Alexander’s Dark Band is named after Alexander of Aphrodisias, who first described the phenomenon. While the main bow forms at 42 degrees from the antisolar point (see last week’s post), the secondary bow forms at 51 degrees.

Here is a version of the double rainbow that I painted for Dinotopia: First Flight. To get the curvature exactly even, I attached the paintbrush to an improvised beam compass (basically a long wooden bar pivoting on a nail). It’s the best way in traditional oil paint to keep the arc geometrically perfect.

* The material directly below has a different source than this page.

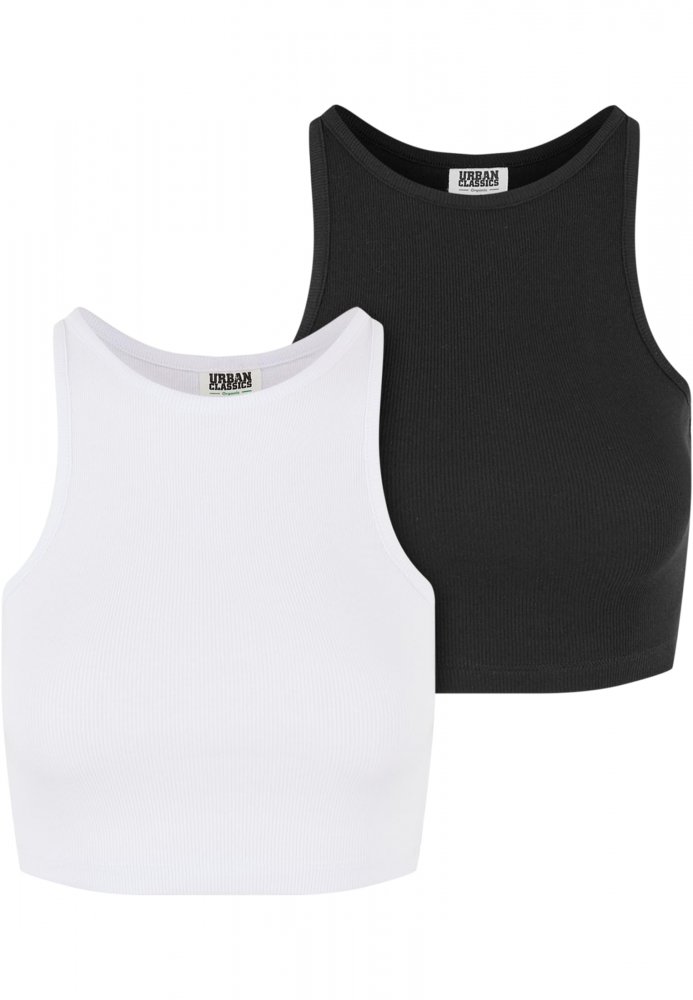 Ladies Organic Cropped Rib Top 2-Pack - white+black XS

John Everett Millais Blind Girl of 1856 shows a double rainbow correctly painted in terms of the sequence of colors (red at the outside of the main bow). But he failed to show the lighter region inside the inner bow, and the darker band between the two bows.

The majesty of Millet’s conception comes from the knowledge that the blind girl is unaware of the glory behind her. Millet is careful to show the light coming almost exactly from the front. The shadows are cast just a little to the right of the trees.

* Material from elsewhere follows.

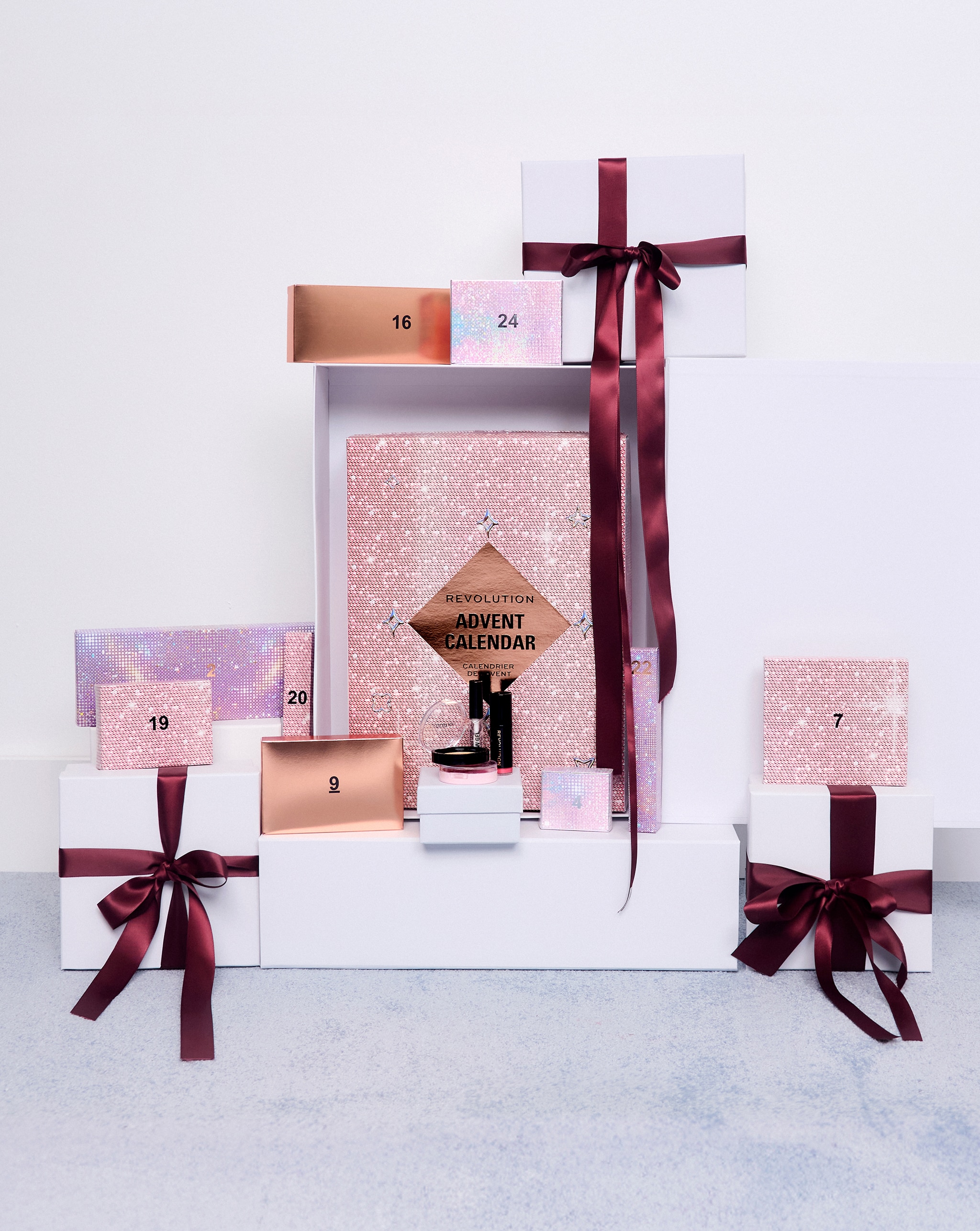 Luxe advent calendar displayed on stand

The sun is behind us, a bit to the left. The antisolar point (the point 180 degrees opposite the sun) is outside the frame of the picture, just to the right of the flock of crows. It forms the center of the arc of both rainbows.
Rainbow photo by Eric Rolph, courtesy Wikipedia, link.
Last week's post on the science of rainbows, link.
Another explanation of all this, with a nice diagram of the angles, link.


David Still said...

I've still not quite understood your post about the science of rainbows. Is the center of the circle of the rainbow the antisolar point? Is the 42 degree then from the line between the solar and antisolar point, that would go from behind the viewer straight into the picture, so to speak, making the 42 degree go 'upward'?

James Gurney said...

Good question. Yes, the center of the rainbow's circle is the antisolar point. That's the point 180 degrees opposite the sun. So if the sun is directly behind you, the antisolar point in ahead of you, and the rainbow rises above it.

The angles are measured in relation to the line from your eye to the antisolar point. Photographing a full double rainbow takes a camera with a lens that can capture more than 100 degrees of viewing angle, more than you would normally use in a photo or a painting.

David Still said...

Even if it's not a realistic one, is this diagram then the correct way to think?

James Gurney said...

David, yes, that drawing looks right except that the line from the sun to the back of the viewer's head should be aligned with the line from the viewer to the antisolar point. If you were in an airplane, the antisolar point would be the shadow of the airplane below you. Or anywhere you're standing, the antisolar point is wherever you see the shadow of your own head.

That's a bit hard to show in a diagram. Check out this one:

David Still said...

So, more like this then? The framed picture is from your view, where the dot in the head of your shadow is the line going from C, the antisolar point, straight into your eye? (Only the lines seem to come from the person's mouth in the lower diagram.. Oh, well)

David Still said...

... and the sun should be higher up. That's what you get for doing diagrams in half a minute about things you don't fully understand...

James Gurney said...

You've got it. That's a great way to do the diagram. I've never seen it drawn in reference to the viewer's shadow, but that explains it. And it's good the way you drew a series of parallel rays in the lower diagram.

Jared Shear said...

Interesting....most interesting. Thanks James for enlightening us on the matter.